::: RECORD EXCERPTS

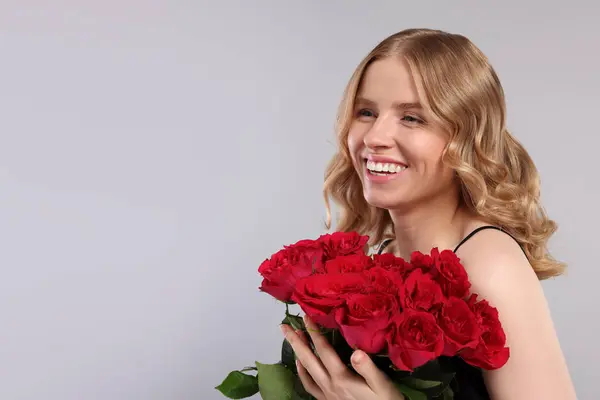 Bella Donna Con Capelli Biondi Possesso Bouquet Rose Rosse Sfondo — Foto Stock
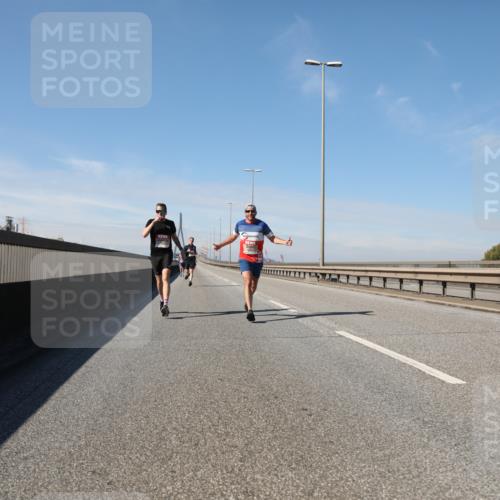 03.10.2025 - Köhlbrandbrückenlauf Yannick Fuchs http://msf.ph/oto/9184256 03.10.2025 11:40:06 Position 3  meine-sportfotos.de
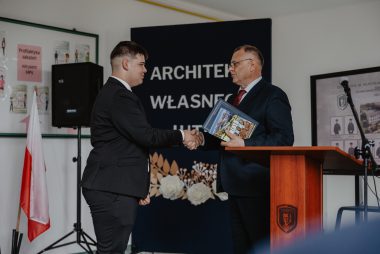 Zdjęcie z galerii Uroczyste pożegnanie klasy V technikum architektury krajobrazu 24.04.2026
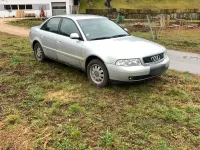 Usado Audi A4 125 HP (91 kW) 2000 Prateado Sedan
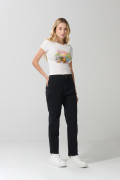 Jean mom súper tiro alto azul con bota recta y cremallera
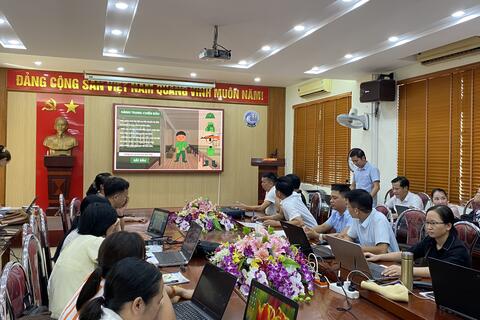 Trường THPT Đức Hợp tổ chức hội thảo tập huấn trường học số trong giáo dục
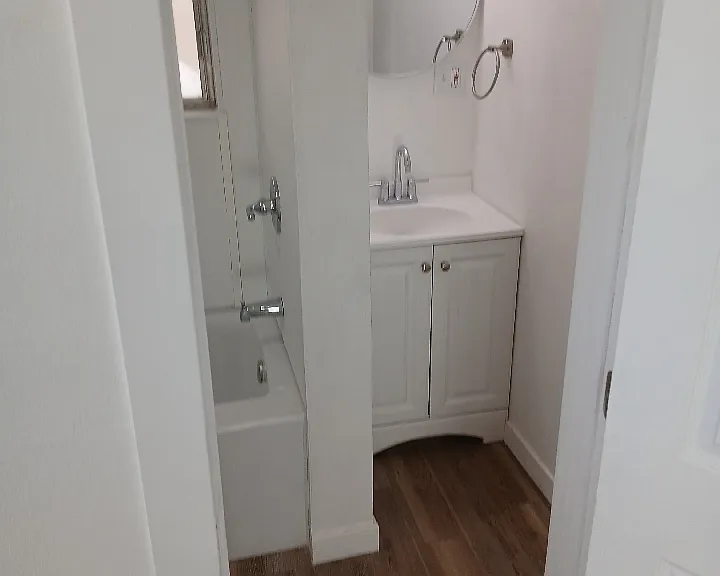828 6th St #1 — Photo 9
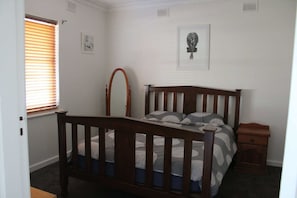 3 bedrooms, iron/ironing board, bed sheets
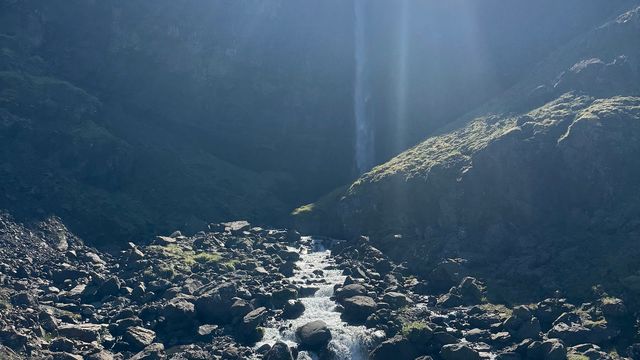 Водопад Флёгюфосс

::::::
::: RECORD EXCERPTS

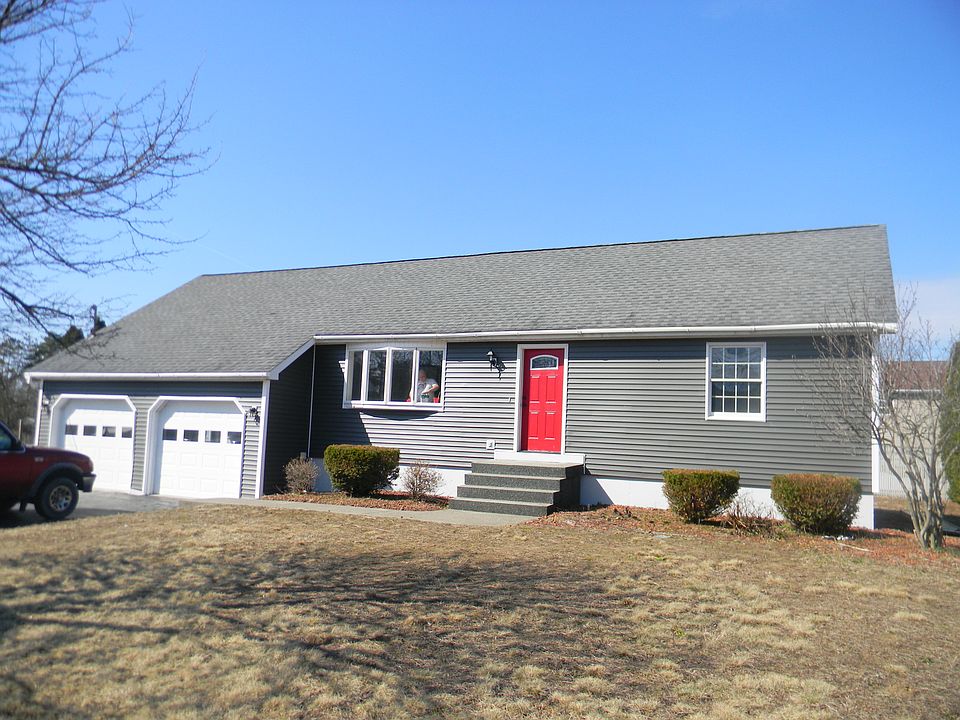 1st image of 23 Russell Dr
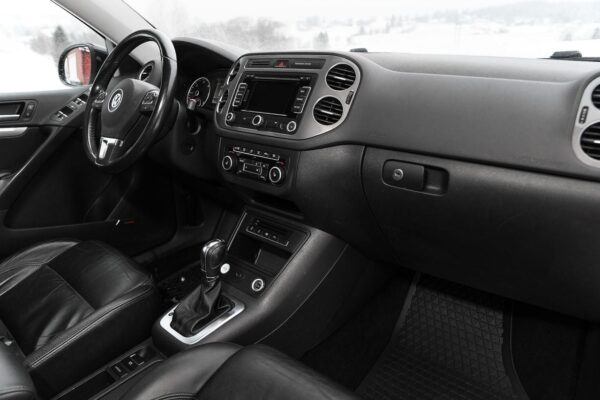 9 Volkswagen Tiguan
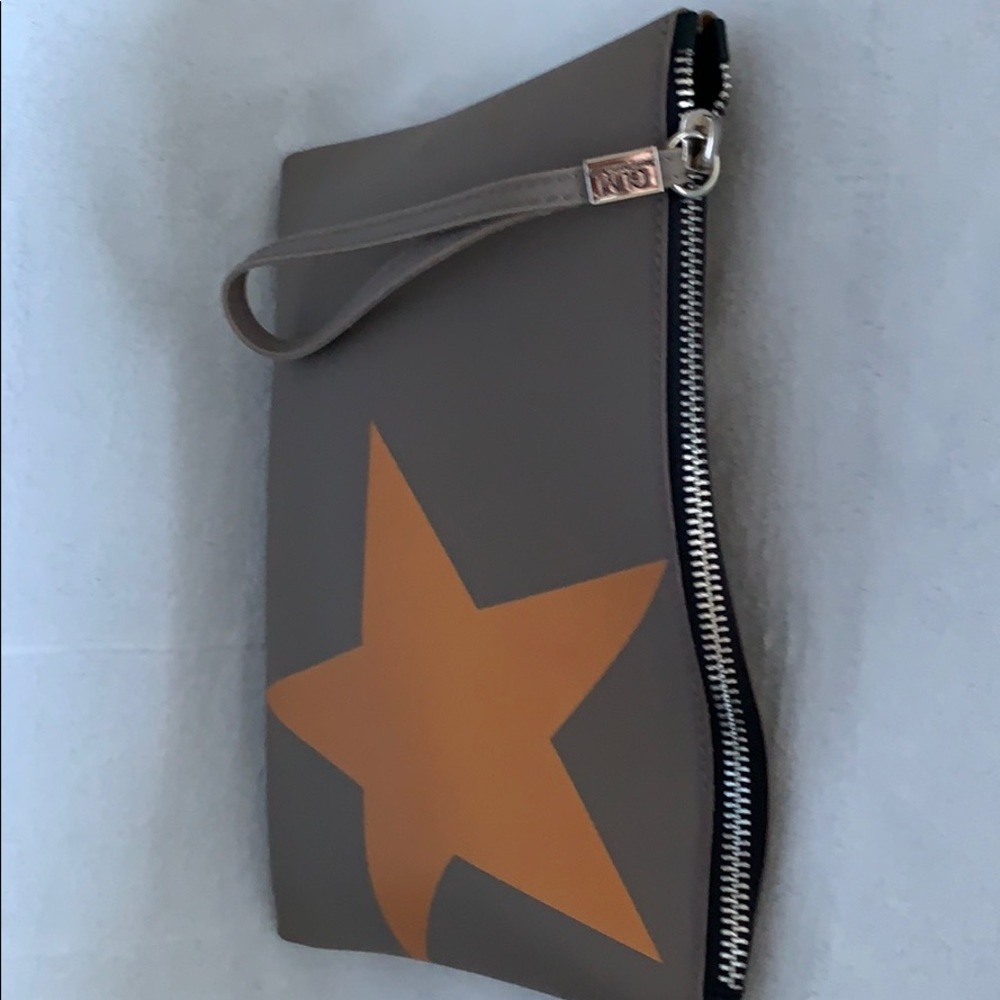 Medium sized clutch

::::::
::: RECORD EXCERPTS

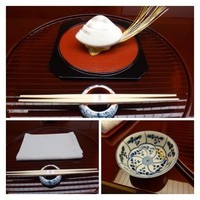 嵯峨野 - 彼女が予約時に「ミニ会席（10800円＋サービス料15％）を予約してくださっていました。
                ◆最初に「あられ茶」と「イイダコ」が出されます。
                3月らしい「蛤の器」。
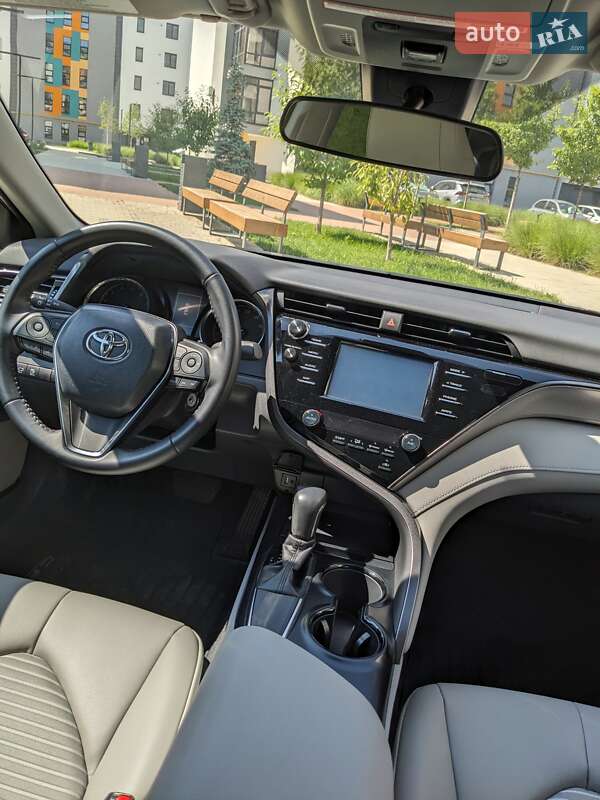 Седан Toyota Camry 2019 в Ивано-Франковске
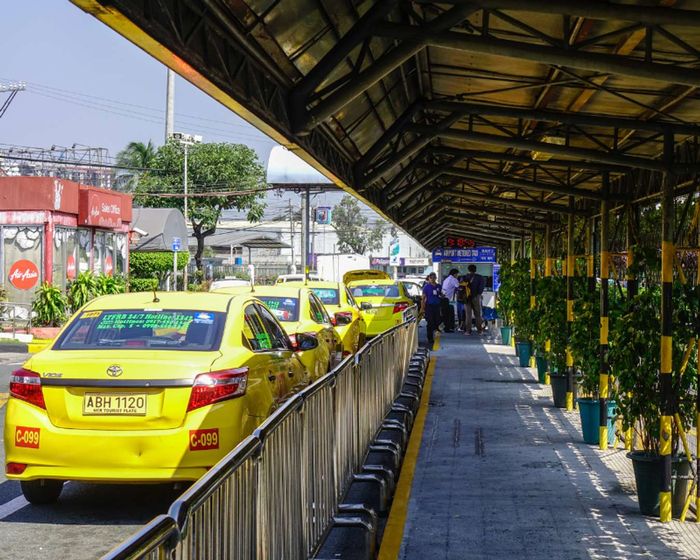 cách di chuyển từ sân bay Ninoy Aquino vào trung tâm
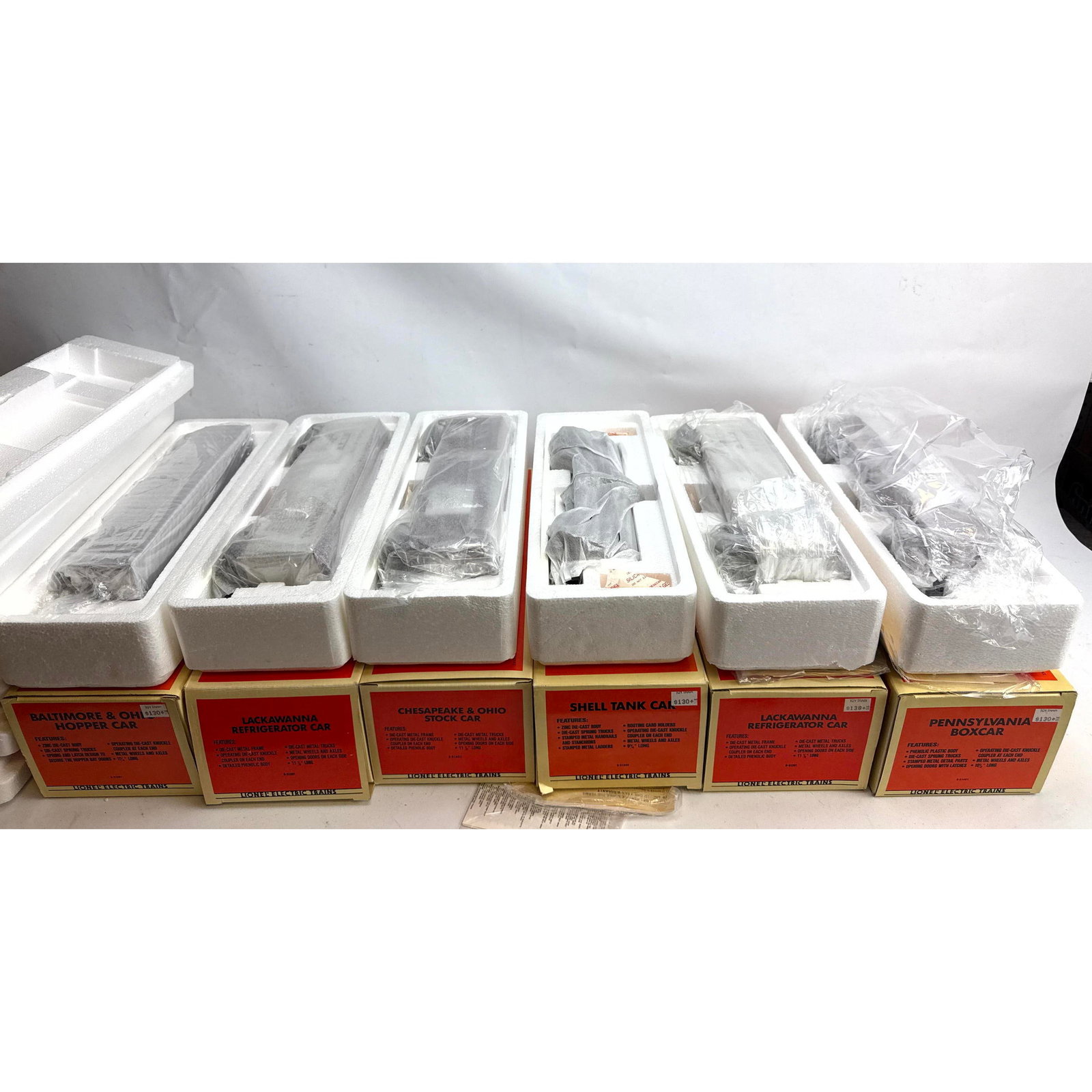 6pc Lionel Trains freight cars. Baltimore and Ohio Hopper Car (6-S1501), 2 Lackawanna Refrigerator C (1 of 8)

::::::

TRY IT
Only the lines above from the one containing "Bella Donna Con" through the one containing "Водопад Флёгюфосс" should be returned, verbatim and inclusive, with pictures excluded.

PROBLEM SOLUTION
 Bella Donna Con Capelli Biondi Possesso Bouquet Rose Rosse Sfondo — Foto Stock
 03.10.2025 - Köhlbrandbrückenlauf Yannick Fuchs http://msf.ph/oto/9184256 03.10.2025 11:40:06 Position 3  meine-sportfotos.de
 Zdjęcie z galerii Uroczyste pożegnanie klasy V technikum architektury krajobrazu 24.04.2026
 Usado Audi A4 125 HP (91 kW) 2000 Prateado Sedan
 Jean mom súper tiro alto azul con bota recta y cremallera
 Trường THPT Đức Hợp tổ chức hội thảo tập huấn trường học số trong giáo dục
828 6th St #1 — Photo 9
 3 bedrooms, iron/ironing board, bed sheets
 Водопад Флёгюфосс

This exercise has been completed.